The party moving for summary judgment bears the burden of demonstrating that no genuine issue of material fact exists. Chao v. Hall Holding Co., 285 F.3d 415, 424 (6th Cir. 2002) (citing Celotex Corp., 477 U.S. at 323). If that burden is met, the nonmoving party must then present sufficient evidence from which a jury could find for it. Harrison, 539 F.3d at 516 (citing Anderson, 477 U.S. at 252). In doing so, the nonmoving party “must do more than simply show there is some metaphysical doubt as to the material facts.” Matsushita Elec. Indus. Co. v. Zenith Radio Corp., 475 U.S. 574, 586 (1986). In general, at the summary judgment stage, the Court views all facts and inferences drawn from the evidence “in the light most favorable to the nonmoving party.” Black v. Pension Ben. Guar. Corp., 983 F.3d 858, 862 (6th Cir. 2020) (citing Morehouse v. Steak N Shake, 938 F.3d 814, 818 (6th Cir. 2019)).

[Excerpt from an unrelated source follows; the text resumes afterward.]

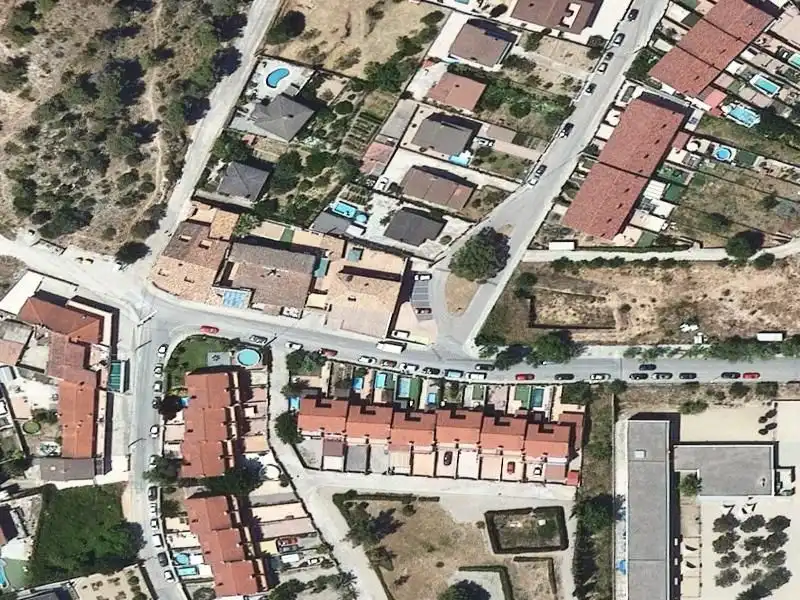 Locale commerciale in vendita a Mas Mila M.S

B. Turner's Claim of Rescission
The parties, throughout their briefs, use the term rescission. Per Black's Law Dictionary, the term means “[a] party's unilateral unmaking of a contract for a legal sufficient reason, such as the other party's material breach, or a judgment rescinding a contract.” Rescission, BLACK'S LAW DICTIONARY (8th ed. 1999). Other authorities sometimes use the spelling recision. Black's Law Dictionary simply directs that spelling to the definition for rescission. Recision, BLACK'S LAW DICTIONARY (8th ed. 1999). By all accounts, the two spellings are interchangeable.
“‘Where an individual is induced to enter into the contract in reliance upon false representations, the person may maintain an action for a rescission of the contract, or may affirm the contract and maintain an action for damages suffered on account of the fraud and deceit.' But it cannot do both.” New London Tobacco Market, Inc. v. Kentucky Fuel Corp., 44 F.4th 393, 412-13 (6th Cir. 2022) (applying Kentucky law; internal citations omitted). Between her counterclaim and affirmative defense, Turner is legally postured to pursue both, something permitted at the pleading stage. Id. at 413 (citing LV Ventures, LLC v. Schott, No. 2011-CA-473, 2012 WL 5039235, at *4 (Ky. App. Oct. 19, 2012)).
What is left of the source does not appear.